De Niro plays a resentful, crude, blue collar striver who just wants things to be how they used to be. And Grodin is an educated liberal professional. Their double act breaks along the pressure lines of modern US politics! Of course, they get to understand each other, just like in those New Deal Frank Capra comedies of the '30s!
It all comes together, like a watch: the script is funny and eventually sentimental, which leaves an agreeably sweet aftertaste; Danny Elfman's jazz-funk score is dated, but exactly right; the action scenes are of their time, but who cares? This now feels like a small miracle; why isn't more feel-good entertainment this good?
Offbeat civil war western/southern gothic hybrid starring Clint Eastwood at his box office peak. His status as a popular star among '70s women brings a touch of wry playfulness to the drama; he portrays a wounded Union soldier who is captured/nursed by the spinsters of a rural girls' school way down south in Mississippi.

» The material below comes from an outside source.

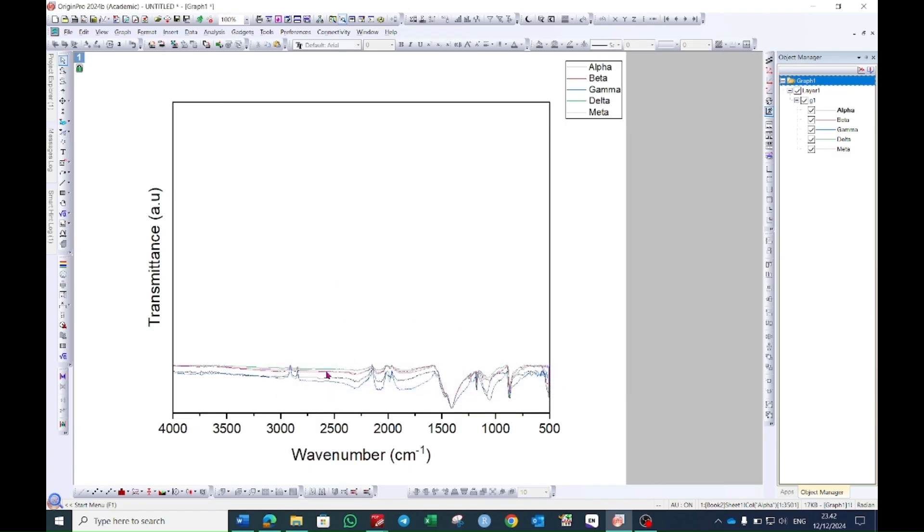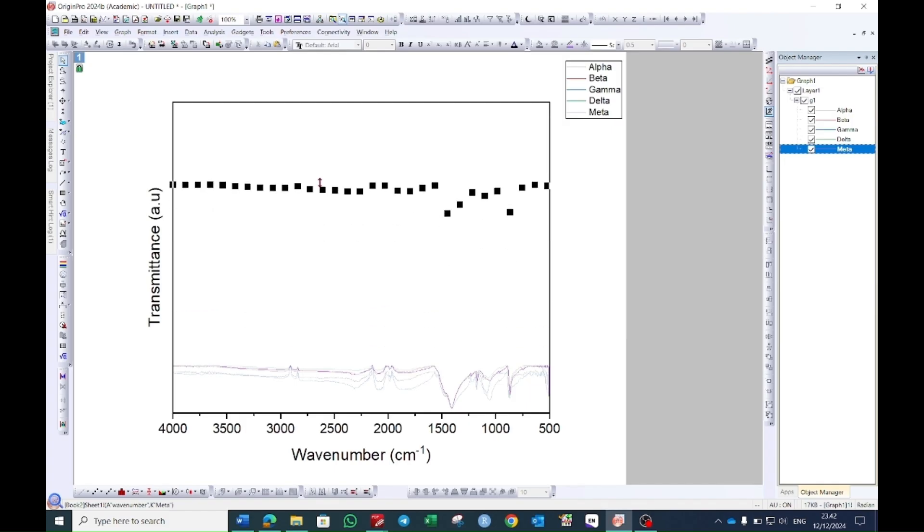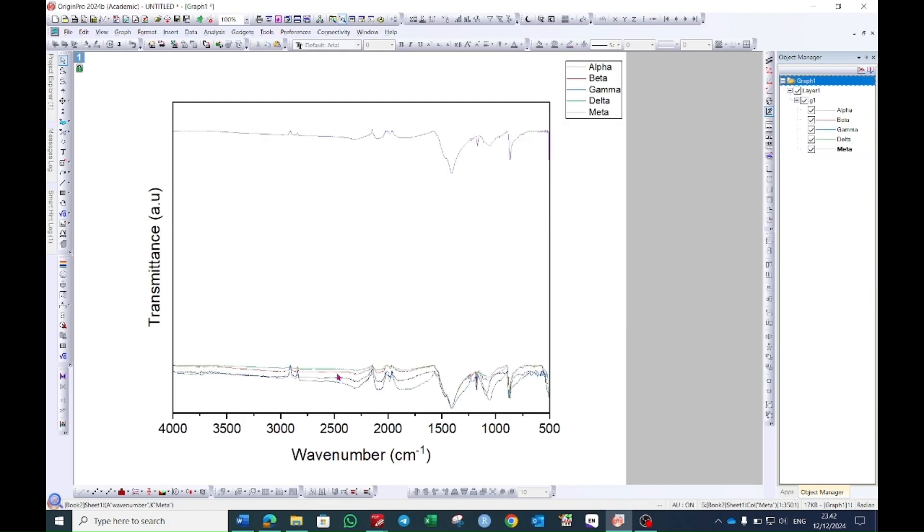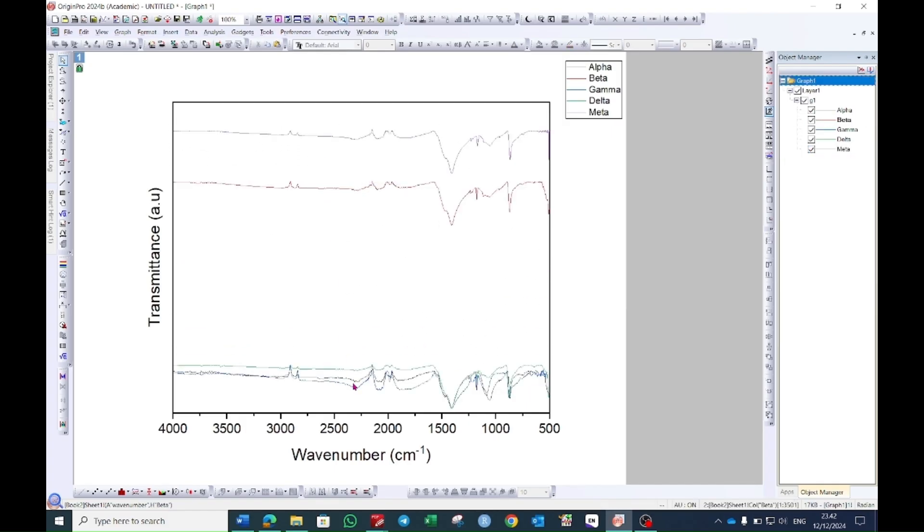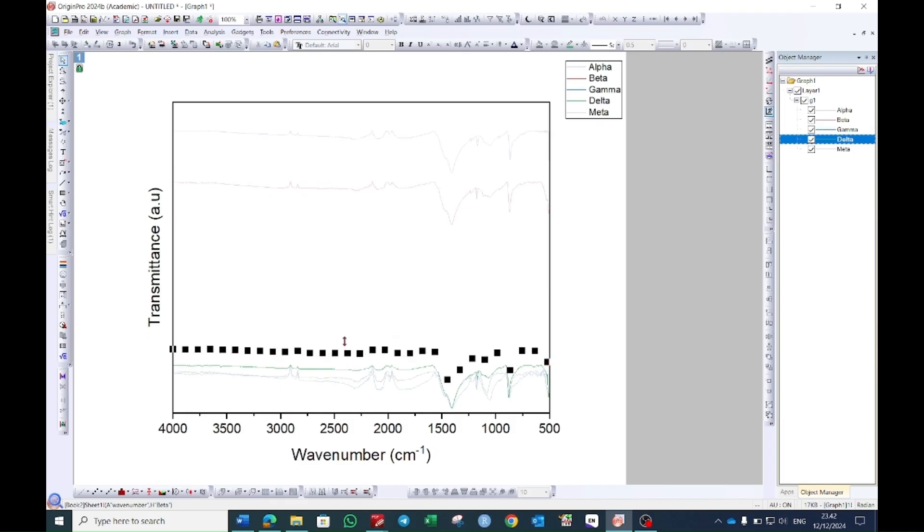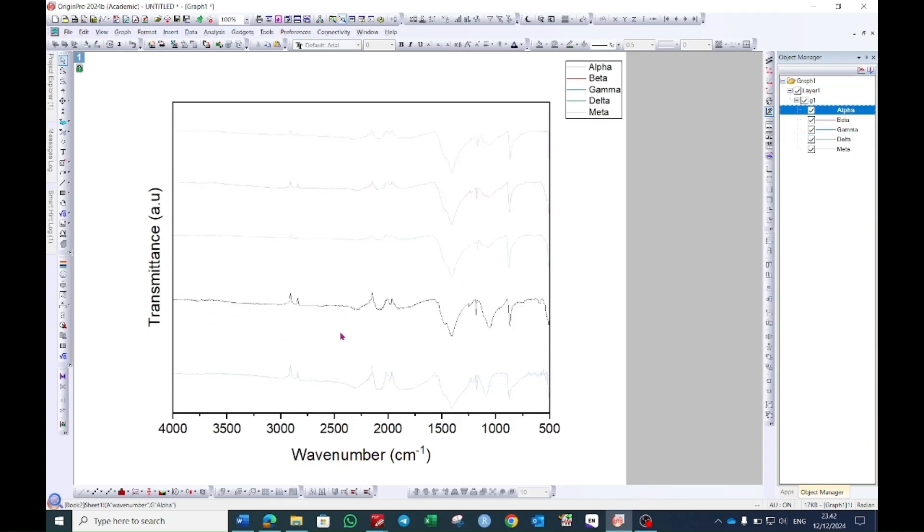Now select layers and drag it to the top. You can do this by selecting one by one and placing it in the graph.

There's an impressive ensemble support cast of female actors as the numb, lonely maidens, with Geraldine Page as the sexually traumatised matron and Jo Ann Harris as a teenage nymphomaniac. Elizabeth Hartman is the standout as a brittle, repressed virgin who falls in love with their rugged, virile prisoner.
When the invalid consumes the various mushrooms on offer, the mutual exploitation drifts into the psychedelic. There's a little folk horror in the mix, though this is eerie and transgressive rather than scary; there is an implication the soldier may be possessed by the spirit of the male landowner who didn't return from the war.
Some critics claim all this is misogynistic, which may divide its audience... but then Don Siegel isn't remembered for the subtlety of any psycho-sexual subtext. Still, it's a change of direction for the Eastwood/Siegel combo, all hallucinatory atmosphere and '70s zoom shifts; more arthouse than a standard western.
This is the start of Mike Leigh's period as a big screen chronicler of British social and political divisions. About a decade into the Thatcher revolution and at back end of the me-decade, the writer-director mostly reflects on our lack of kindness. This is comic-realism set in the newly gentrified London around King Cross.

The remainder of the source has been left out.